#### [WHAT YOU WILL DO]
Set down the data again word for word. Skip any pictures.

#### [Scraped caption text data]
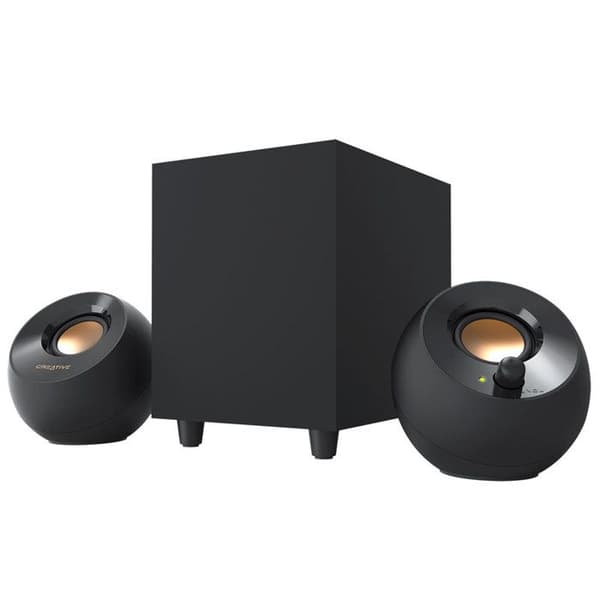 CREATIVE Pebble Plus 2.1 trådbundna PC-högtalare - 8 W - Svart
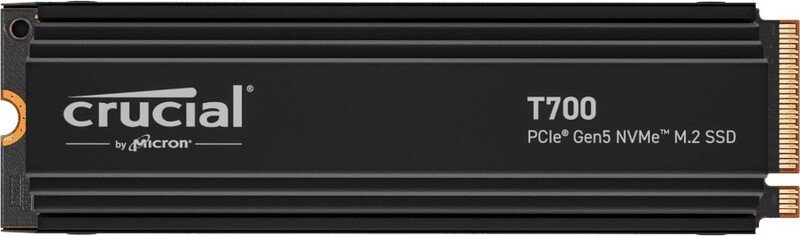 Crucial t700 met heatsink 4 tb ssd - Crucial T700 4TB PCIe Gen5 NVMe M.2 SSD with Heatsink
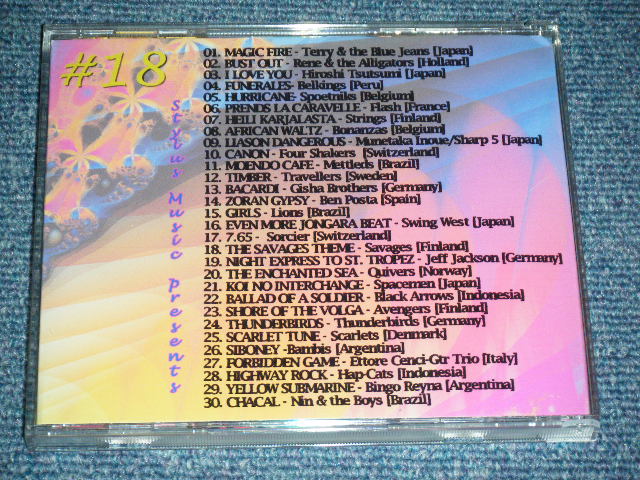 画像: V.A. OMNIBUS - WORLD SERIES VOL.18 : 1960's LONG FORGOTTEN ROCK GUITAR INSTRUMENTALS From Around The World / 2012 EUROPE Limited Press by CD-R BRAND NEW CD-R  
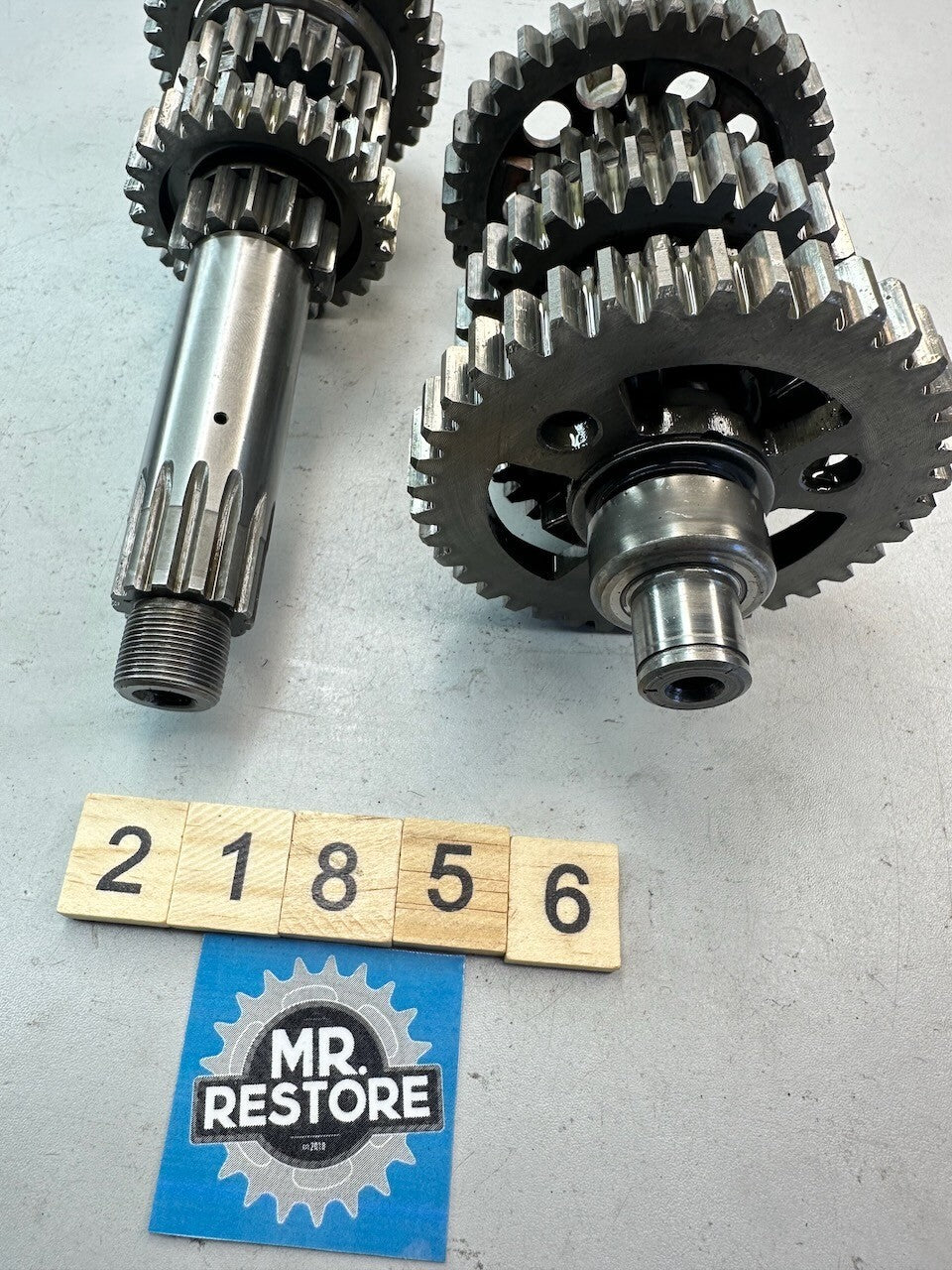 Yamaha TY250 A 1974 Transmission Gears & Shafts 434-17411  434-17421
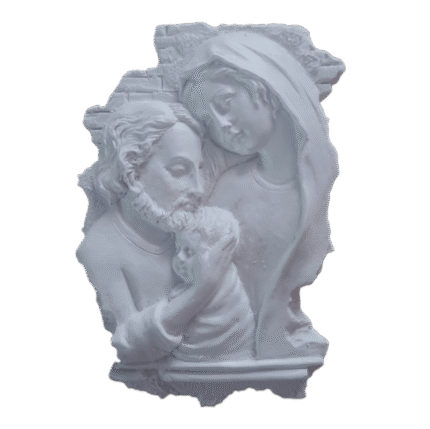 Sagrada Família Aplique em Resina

#### [OUTPUT OF THE TASK]
 CREATIVE Pebble Plus 2.1 trådbundna PC-högtalare - 8 W - Svart
 Crucial t700 met heatsink 4 tb ssd - Crucial T700 4TB PCIe Gen5 NVMe M.2 SSD with Heatsink
 画像: V.A. OMNIBUS - WORLD SERIES VOL.18 : 1960's LONG FORGOTTEN ROCK GUITAR INSTRUMENTALS From Around The World / 2012 EUROPE Limited Press by CD-R BRAND NEW CD-R  
 Yamaha TY250 A 1974 Transmission Gears & Shafts 434-17411  434-17421
 Sagrada Família Aplique em Resina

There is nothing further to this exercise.